Work instruction >> Pictures are to be left out. Copy exactly, and only, the lines from the start of the entries below to the line with "Men's Rust Orange Abstract Print Shirt", both included.

Data excerpts >>
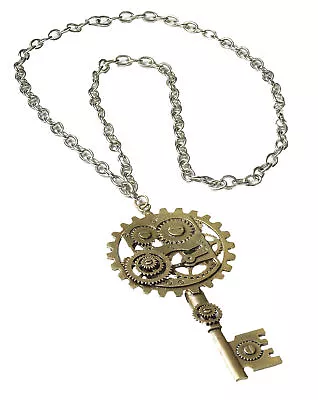 Steampunk Victorian Gear Golden Necklace Jewelry Forum Novelties • $19.95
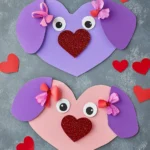 Craft Foam Heart Valentine Puppies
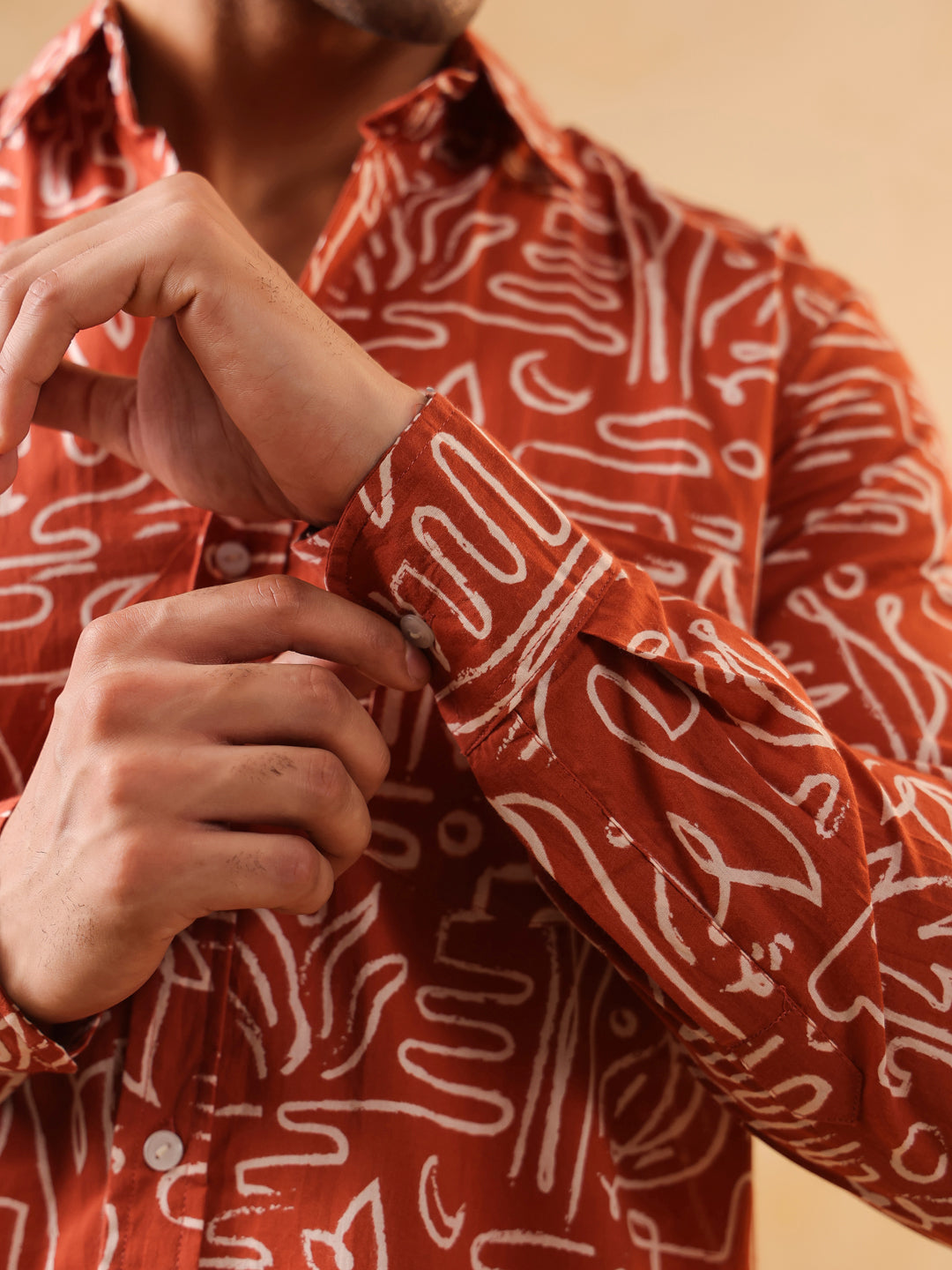 Men's Rust Orange Abstract Print Shirt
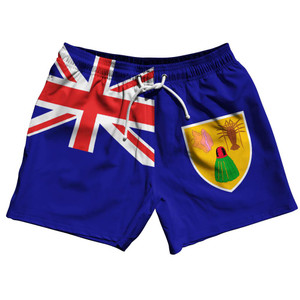 Turks and Caicos Islands Country Flag 5" Swim Shorts Made in USA - Green Yellow Turks and Caicos Islands Country Flag 5" Swim Shorts Made in USA - Green Yellow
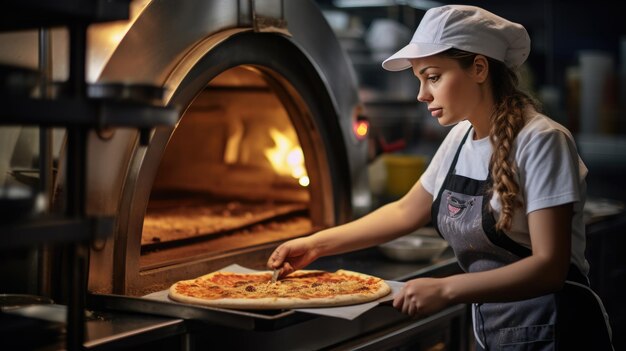 La donna cucina la pizza nel forno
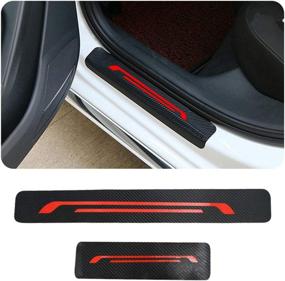 img 4 attached to For Toyota Aygo Avensis Camry C-HR Corolla Car Door Sill Sticker Carbon Fibre Reflective Sticker Car Door Sill Decoration Scuff Plate Sticker Set Scratch Protector 4Pcs Red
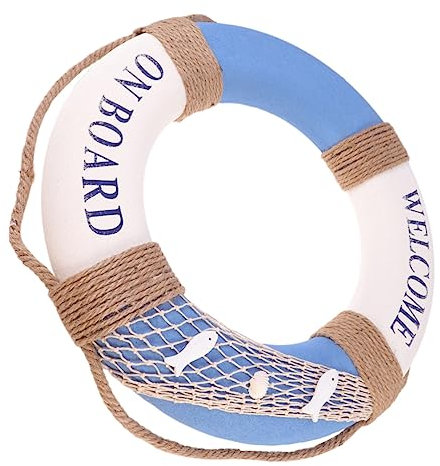 NOLITOY 1stück Hängende Rettungsring-dekoration Mediterranes Design Mit Blauen Fischen Für Und Türschilder Für Cafés Restaurants Bars Und Festliche Anlässe
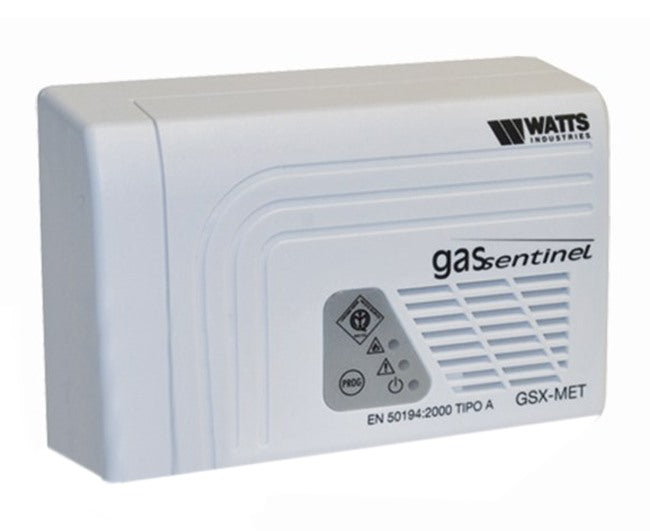 watts rilevatore fuga gas esterno watts con allarme acustico e luminoso 230 v max 3w portata contatti rele 5a 250 v gpl 220 v cod gs1 gpl ean 8019001056246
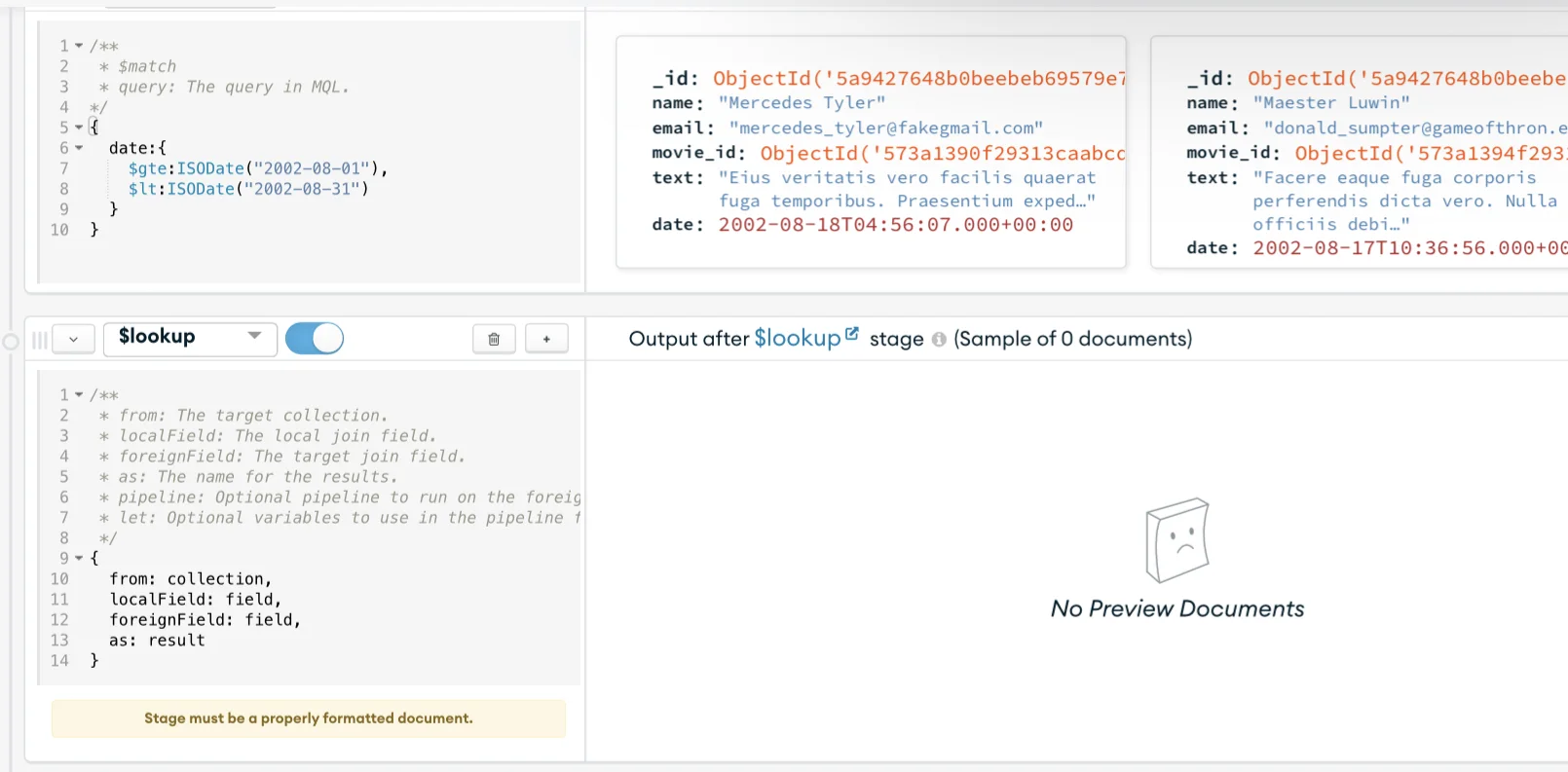 pre-filled lookup stage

Response >>
 Steampunk Victorian Gear Golden Necklace Jewelry Forum Novelties • $19.95
 Craft Foam Heart Valentine Puppies
 Men's Rust Orange Abstract Print Shirt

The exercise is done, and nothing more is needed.